Context
I spend most of my working day inside a terminal. That environment shapes how I think: short commands, clear responses, minimal visual noise. I wanted my portfolio to follow the same logic — simple verbs, predictable output, keyboard-first navigation.
A secondary goal was visual continuity. I use Ghostty with a very specific palette and spacing, so I mirrored that aesthetic: high-contrast prompts, a crisp cursor, tight line height, and restrained animations.
Goals and Constraints
- Discoverable interaction — A small command set with readable output and sensible aliases.

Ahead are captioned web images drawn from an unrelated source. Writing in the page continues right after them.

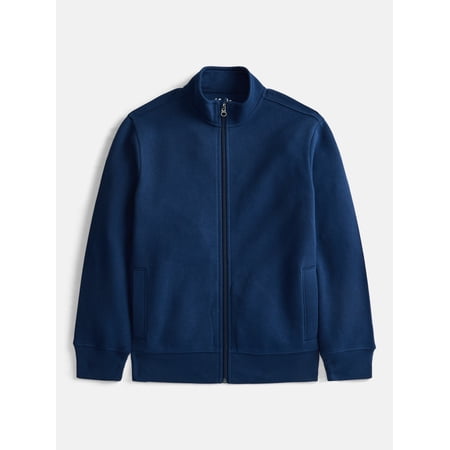 Wonder Nation Boys School Uniform Fleece Zip Up Jacket, Sizes 4-18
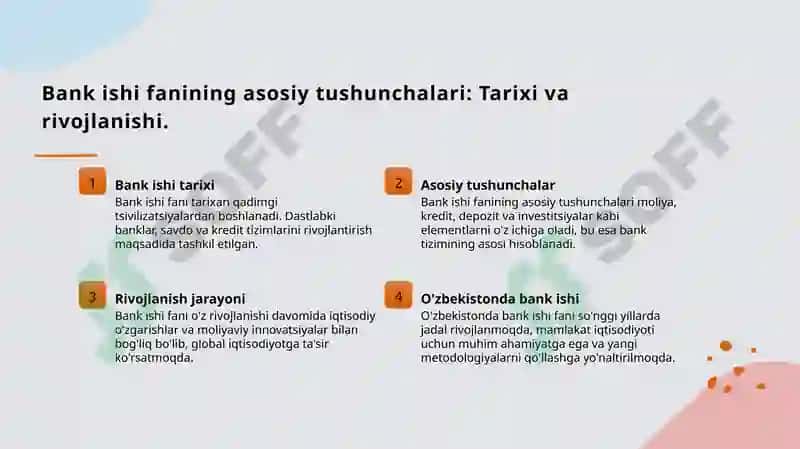 Bank ishi fanining asosiy tushunchalari 3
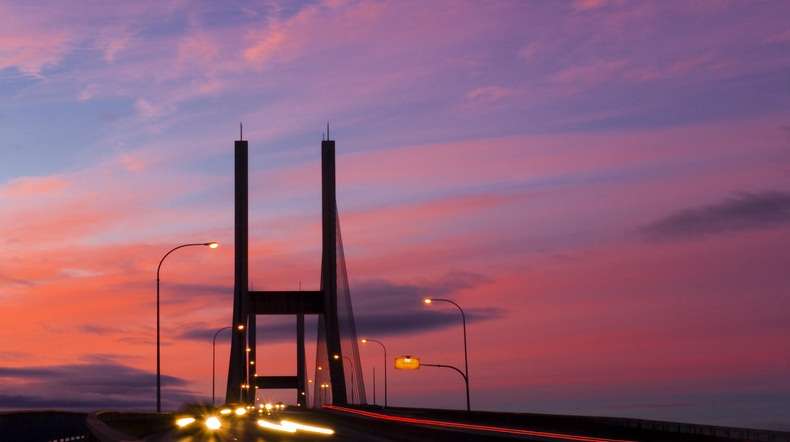 阿力克斯菲沙橋 Alex Fraser Bridge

- Keyboard-first — Immediate focus, history, and quick clearing (clear or Ctrl+L).
- Low-overhead content changes — I should be able to edit command content without touching React.
- Straightforward deploys — Single container image, health checks, quick rollouts.
What You Can Type
The app exposes a compact set of commands. Aliases keep it approachable:
contact
whoami or info — About me and what I do
Work
- ls or projects — Browse recent projects
- grep or skills — View technical skills
Connect
- gh or github — Open my GitHub
- contact — Email & booking link
- open — Visit my website
Terminal
- clear — Clear the terminal
- Ctrl+L — Keyboard shortcut to clear
If you never type a command, the page still reads like a portfolio: the right pane includes a Fastfetch-style system block, a world clock (Rio, San Francisco, Tokyo), and a Recent Projects list pulled from GitHub.
Architecture Overview
[Browser / React]
├─ Terminal UI (prompt, history, renderer)

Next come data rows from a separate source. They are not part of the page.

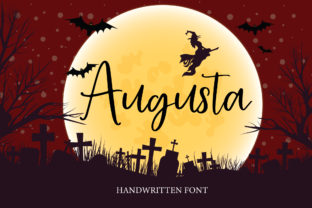 Augusta Handwritten Font for Halloween Campaigns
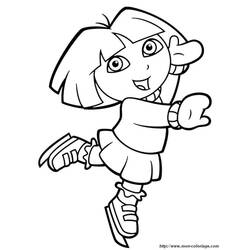 Coloring page: Dora the Explorer (Cartoons) #29804 - Free Printable Coloring Pages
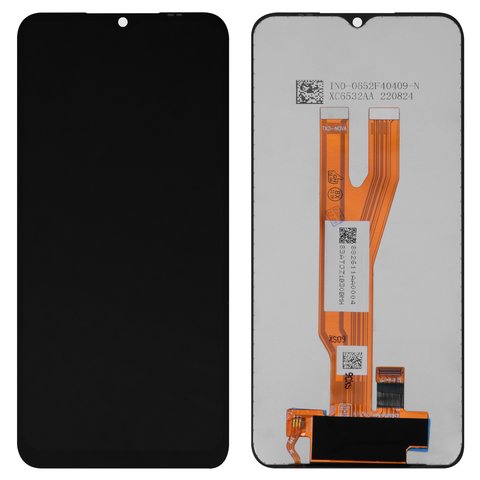 LCD compatible with Samsung A032 Galaxy A03 Core, black, Best copy, without frame, Copy 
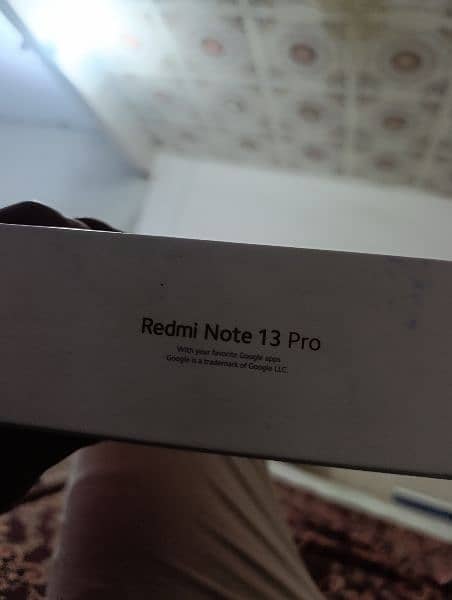 redmi note 13 pro 12/512 GB varient black colour 10by10 condition. 0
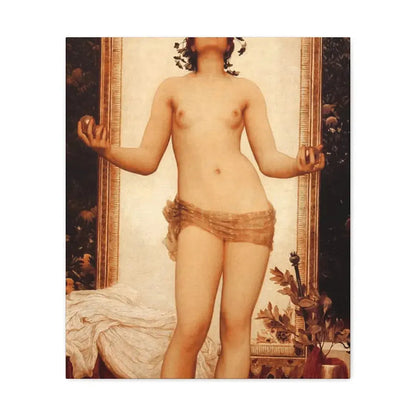 Lord Frederick Leighton (1830-1896) The Antique Juggling Girl - Canvas Wall Art - The Sticker Space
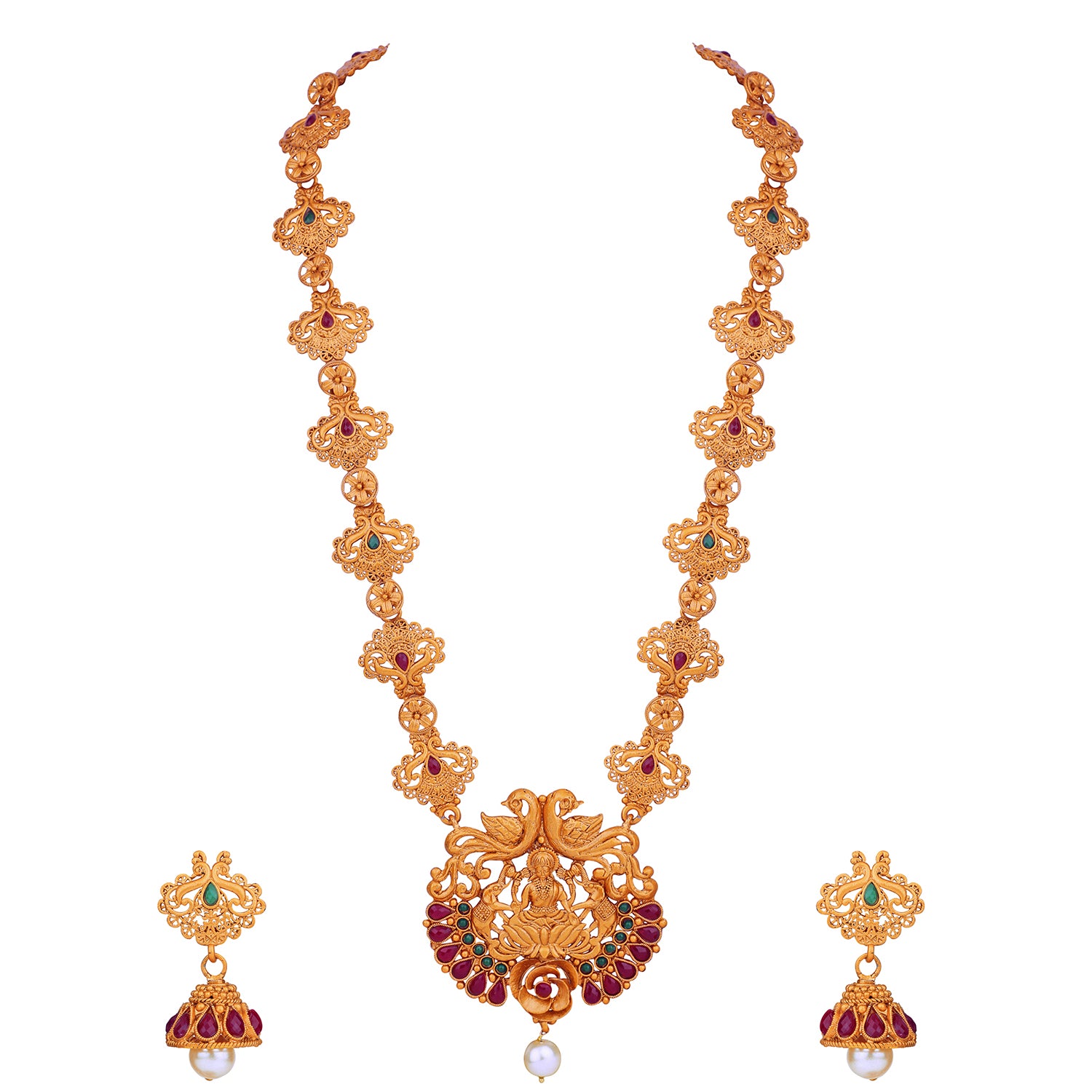 Exclusive Traditional Long Design Necklace Set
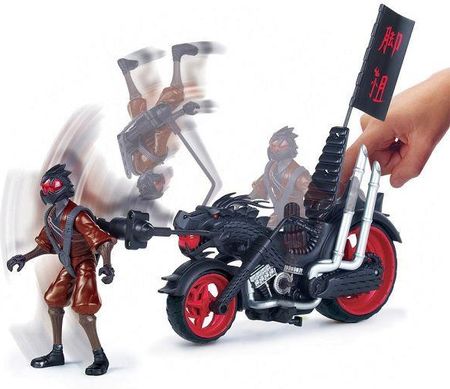 Playmates Żółwie Ninja Motor Dragon Chooper Z Figurką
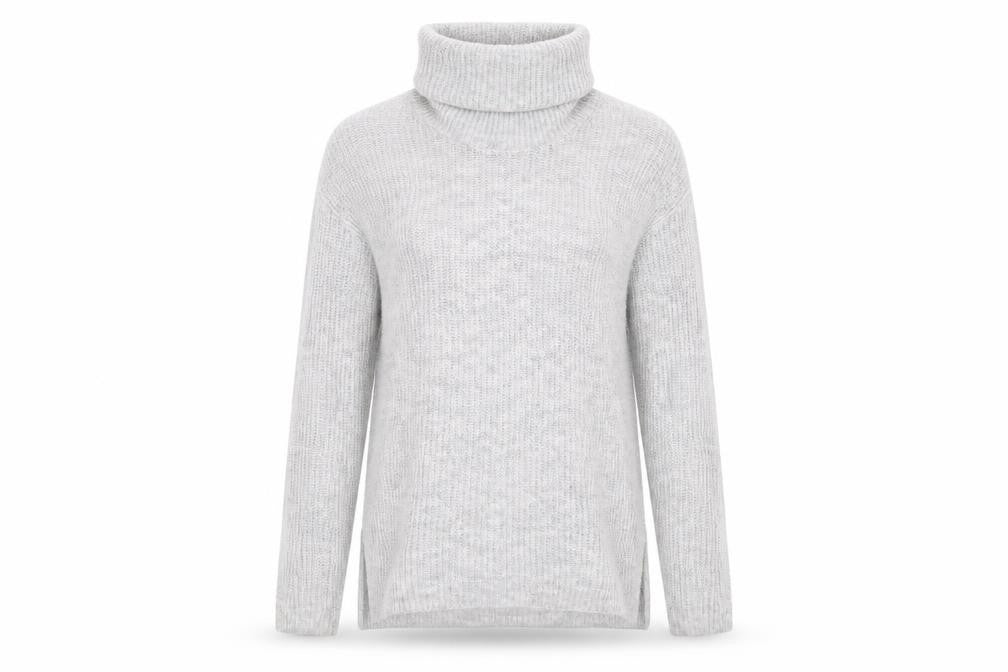 Front view of TU women’s grey jumper, size M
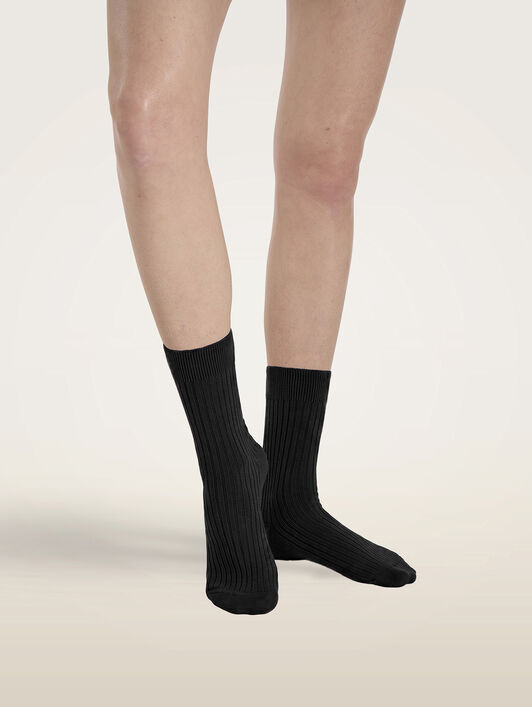 Ribbed Cashmere Blend Socks Ribbed Cashmere Blend Socks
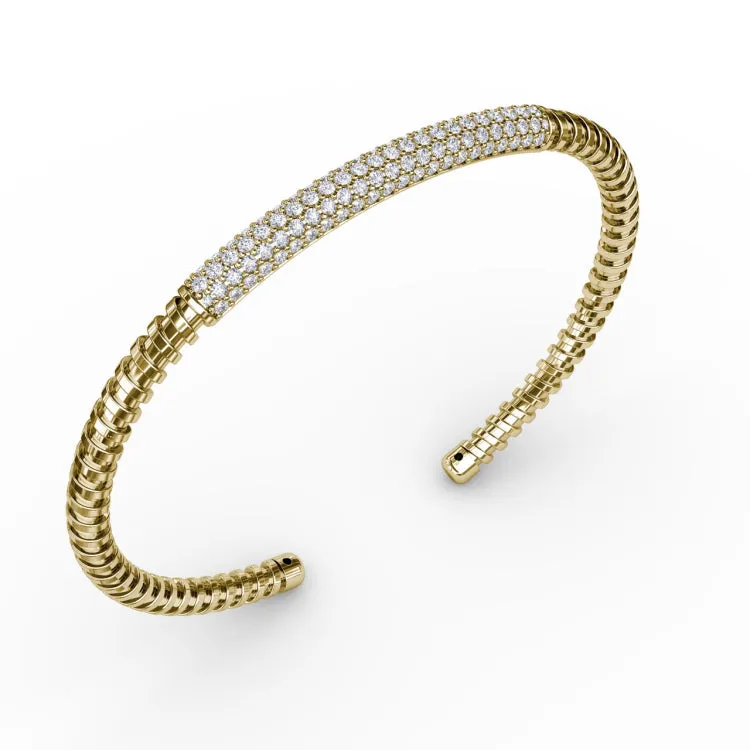 Elegant Diamond Bangle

├─ Side panes (Fastfetch, world clock, projects)
├─ TanStack Router (routes)
└─ TanStack Query (data fetching)
▼
[Elysia (Bun) API]
├─ /api/commands → SQLite-backed content
├─ /api/projects → GitHub fetch + caching
├─ /api/worldclock → Timezones
└─ /healthz → Health check
▼
[SQLite (bundled)]
└─ commands.db (name, aliases, type, payload/endpoint)
Why This Stack Fits
- React — The input → parse → render cycle maps naturally to React. Rendering semantic blocks (text, lists, links) is ergonomic, and accessibility (aria-live) is straightforward.

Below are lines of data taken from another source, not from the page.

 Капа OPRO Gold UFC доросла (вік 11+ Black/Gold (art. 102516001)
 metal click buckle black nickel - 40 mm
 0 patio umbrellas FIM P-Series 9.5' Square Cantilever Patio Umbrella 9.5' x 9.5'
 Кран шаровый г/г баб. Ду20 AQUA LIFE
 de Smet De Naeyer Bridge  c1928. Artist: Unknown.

- TanStack Router/Query — Keeps the app minimal. Query handles caching, retries, and loading states for clocks and projects.
- Elysia (Bun) — A fast, compact server. Endpoints stay terse.
- SQLite (bundled) — Commands are treated as content, not code. I can change copy or aliases without a React deploy.
- Cloudflare Containers — One image, health-checked, quick to roll out. Ideal for a portfolio-scale app.
Commands as Content (SQLite)
Commands live in a tiny SQLite file included in the container. Each row defines a command:
- name — primary keyword
- aliases — comma-separated list
- type — static (renders markdown) or remote (API call)
- payload — markdown for static output
- endpoint — path for remote commands
- updated_at — housekeeping
Editing Workflow
- Open commands.db in any SQLite client.
- Update payload, add aliases, or flip a command to remote.
- Build and deploy a new image.
I considered a headless CMS, but at this scale, it added more friction than value. A local DB keeps content close to the code while staying decoupled.
Data Endpoints
The API surface is intentionally small:
- GET /api/commands — List all command definitions
- GET /api/commands/:name — Resolve one command
- GET /api/projects — GitHub repos, trimmed and cached
- GET /api/worldclock — Formatted timezone data
- GET /healthz — Health check
On the client, TanStack Query handles caching and retries, keeping the UI responsive even on spotty networks.
UI Details
- Terminal — Input focus, command history, semantic output renderer. Uses aria-live="polite" for accessibility.
- Fastfetch Mock — Personality via fake system specs (host, OS, CPU, RAM).
- World Clock — Time zones I actively collaborate across.
- Recent Projects — GitHub repos with name, description, language.
Styling mirrors my Ghostty palette for consistency.
Deployment
The app ships as a single container image:
- Build — Includes commands.db and Elysia server
- Health checks — /healthz endpoint
- Rollouts — Push image, update service, rely on health gates
For a personal site, it’s fast, cheap, and predictable.
Trade-offs & Lessons
- SQLite vs CMS — SQLite is faster to iterate but requires rebuilds. Acceptable for my cadence.
- Keyboard-first UX — Great for technical users; still readable for others. Command set must stay small.
- Single image — Easy to reason about. If needed, UI/API split is simple later.
Roadmap
- Command help overlay + fuzzy search
- Theme customization for non-Ghostty users
- Optional sound/visual feedback (accessible)
Open Source & Live Site
The project is live and open source:
- Live: https://portfolio.tuliocunha.dev
- Repo: https://github.com/tuliopc23/Hackerfolio-tulio
If you adapt it, I’d love to see your variations.